‘Missing Teens,’ Missing the Point


We are living in a time when our concepts of news, information, fact and fiction are being undermined by rapidly advancing communications technology.

The culprits are usually one form of social media or another, especially the use of Twitter, which disseminates rumors at lightspeed — in ways that print publications and even television never would or could.

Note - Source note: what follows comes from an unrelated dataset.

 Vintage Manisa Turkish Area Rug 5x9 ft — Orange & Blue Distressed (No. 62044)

An April 2 Washington Post article that traced how a tweet can reach firestorm stage underscores just what kind of damage (as well as, potentially, long-term good) can be created in the wake of un-fact-checked content in the Twitterverse.

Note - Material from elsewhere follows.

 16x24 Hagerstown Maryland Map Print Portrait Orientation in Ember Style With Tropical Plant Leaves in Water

It’s the story that began with internet comments about a “spike” in missing teenage girls in Washington, D.C., most of them African American. These cases allegedly remained unsolved and were getting scant attention from the Metropolitan Police Department. The tweets went viral and the stories national, fired up by comments from celebrities as disparate as LL Cool J and Roseanne Barr.

As panic spread through the affected communities, the police and Mayor Muriel Bowser responded to the reports of this perceived trend, stoked with exaggeration and understandably strong feelings, even outrage. Some of the teens mentioned were, in fact, temporary runaways who had been located. A few others were not. But there was no spike in missing teens.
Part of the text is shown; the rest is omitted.